■ Your task
Would you restate, word for word, only the lines starting at the one with "التحليل المعدني" and ending with the final line of the entries below? Pictures stay out.
· · · · · · ·
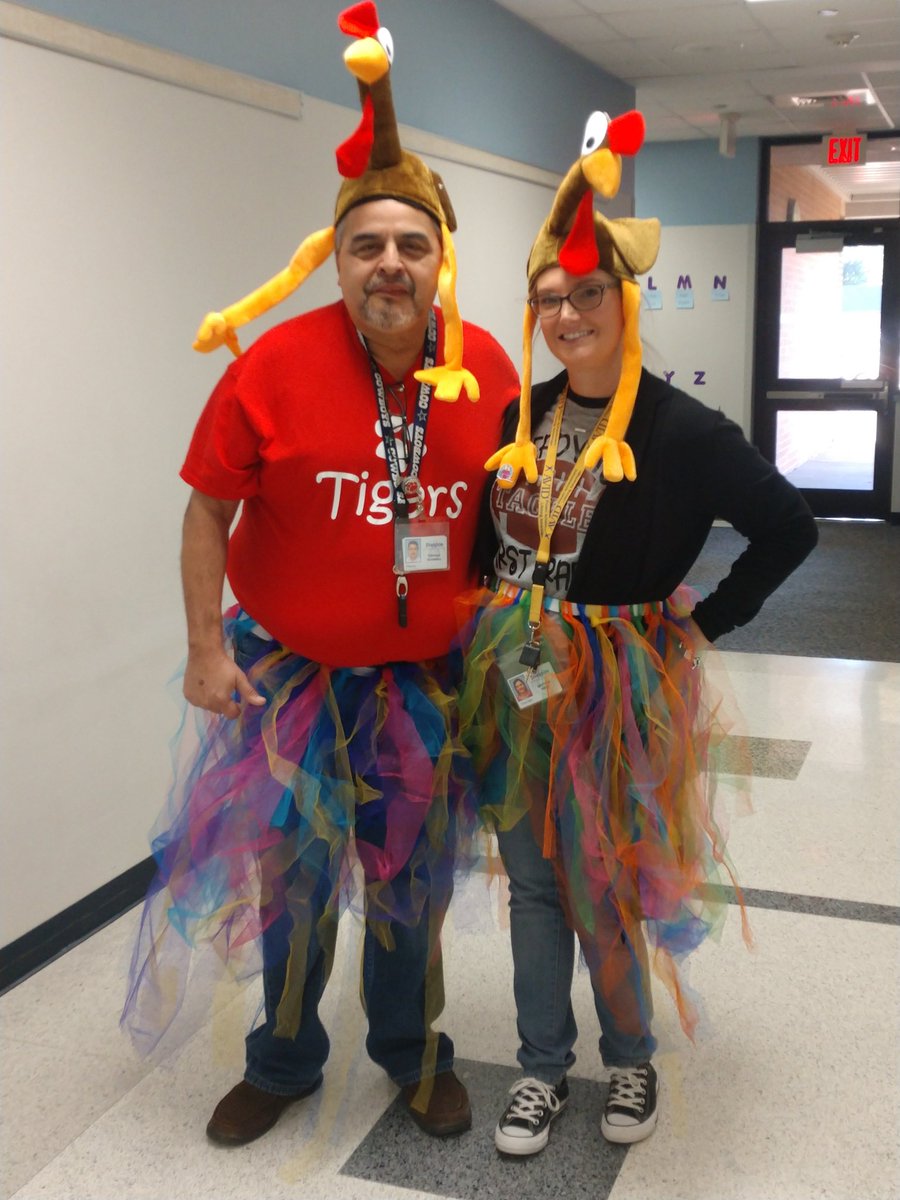 Sheldon Elementary First Grade tweet media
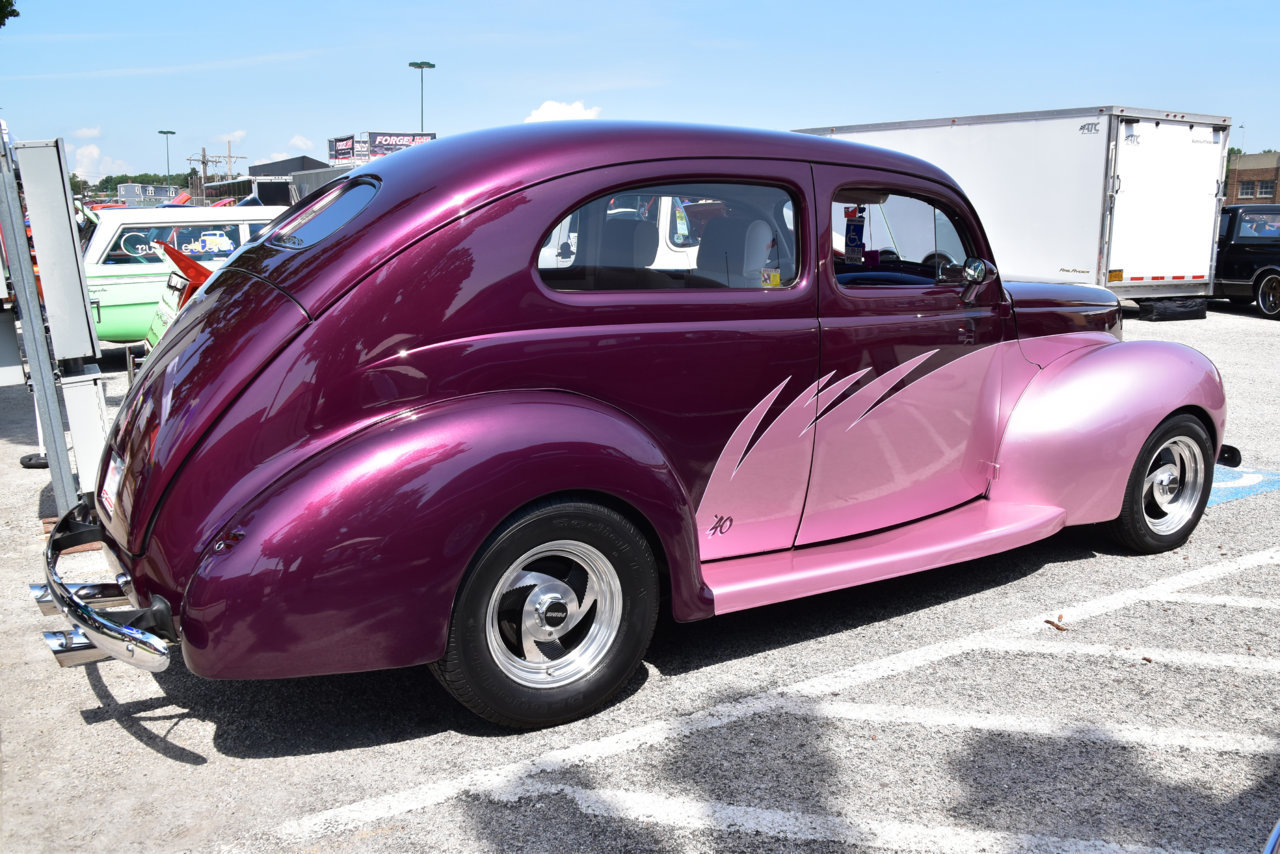 GoodGuys2019Day2 371.jpg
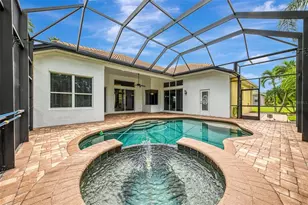 14711 2nd Ave Cir NE, Bradenton, FL 34212 - Photo 68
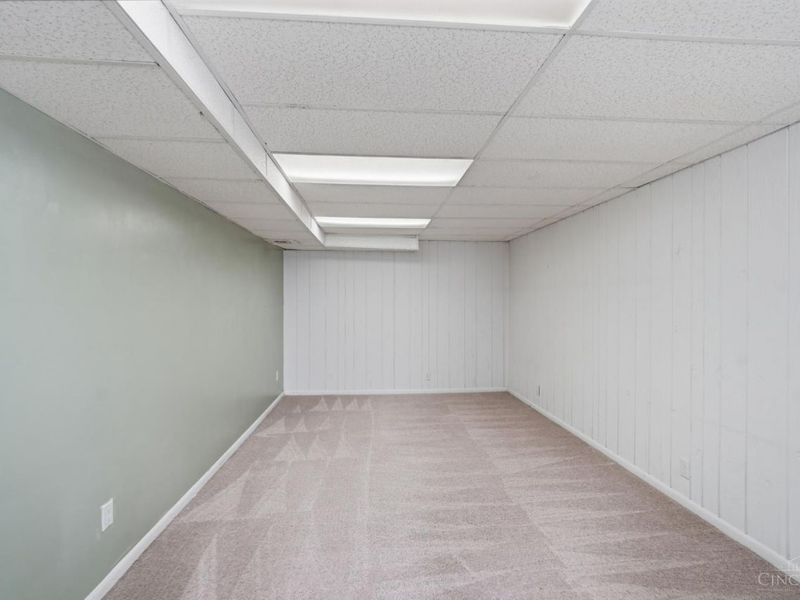 6205 Blue Lake Drive, Unit 3A, Green Township, OH 45247 Photo 22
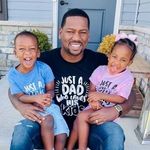 Damian Browne - @dame2the - Instagram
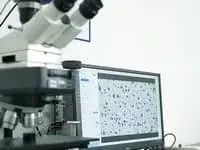 التحليل المعدني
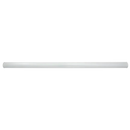 Luxrite LR25187 90W 8' Slim Linear Selectable CCT/Wattage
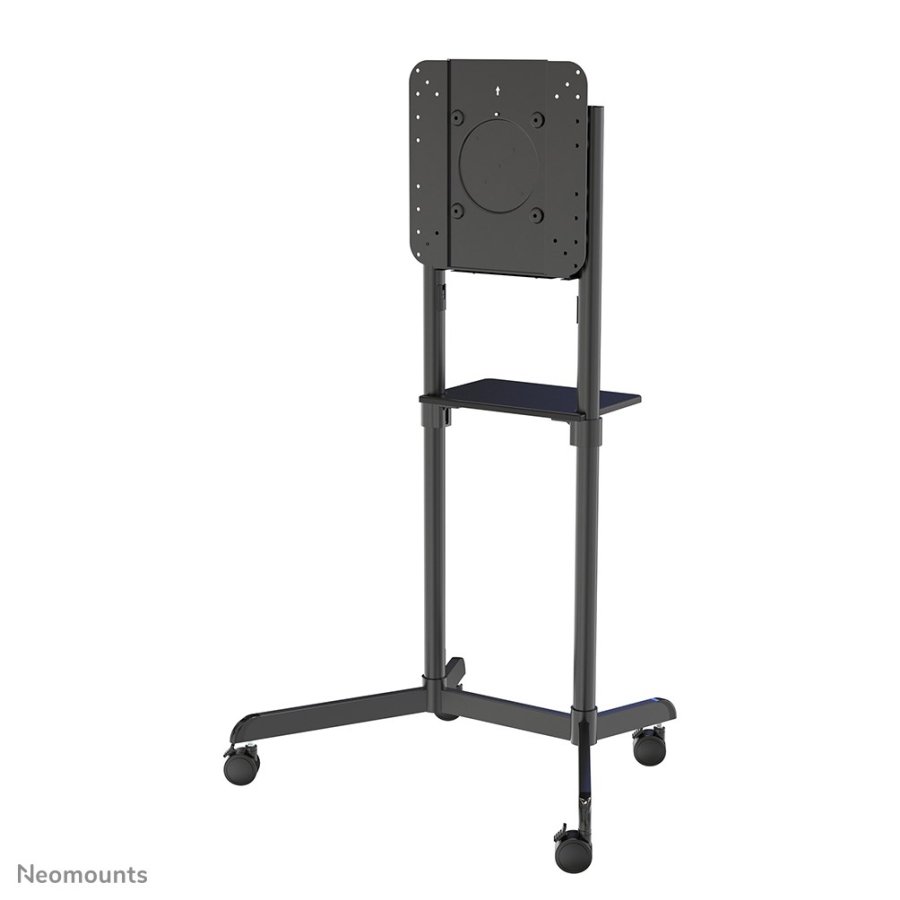 Neomounts NS-M1250BLACK skrmbeslag og -stativer 177,8 cm (70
· · · · · · ·
■ Answer box
 التحليل المعدني
 Luxrite LR25187 90W 8' Slim Linear Selectable CCT/Wattage
 Neomounts NS-M1250BLACK skrmbeslag og -stativer 177,8 cm (70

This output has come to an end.